Studies looking at flood risk analysis and assessment (FRA) reviews are not customary, and they usually approach to methodological and spatial scale issues, uncertainty, mapping or economic damage topics. However, most of these reviews provide a snapshot of the scientific state of the art of FRA that shows only a partial view, focused on a limited number of selected methods and approaches. In this paper, we apply a bibliometric analysis using the Web of Science (WoS) database to assess the historic evolution and future prospects (emerging fields of application) of FRA. The scientific production of FRA has increased considerably in the past decade. At the beginning, US researchers dominated the field, but now they have been overtaken by the Chinese. The Netherlands and Germany may be highlighted for their more complete analyses and assessments (e.g., including an uncertainty analysis of FRA results), and this can be related to the presence of competitive research groups focused on FRA. Regarding FRA fields of application, resilience analysis shows some growth in recent years while land planning, risk perception and risk warning show a slight decrease in the number of papers published.
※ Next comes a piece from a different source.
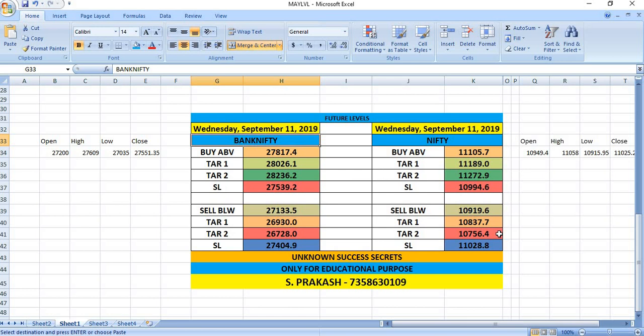Nifty, if you wish to buy, you can buy only above 11,105. Targets will be 11,189 and then 11,272. If Nifty breaks 10,919, you can sell for a target of 10,837 and then 10,756.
Global warming appears to dominate part of future FRA production, which affects both fluvial and coastal floods. This, together with the improvement of economic evaluation and psycho-social analysis, appear to be the main trends for the future evolution of FRA. Finally, we cannot ignore the increase in analysis using big data analysis, machine learning techniques, and remote sensing data (particularly in the case of UAV sensors data)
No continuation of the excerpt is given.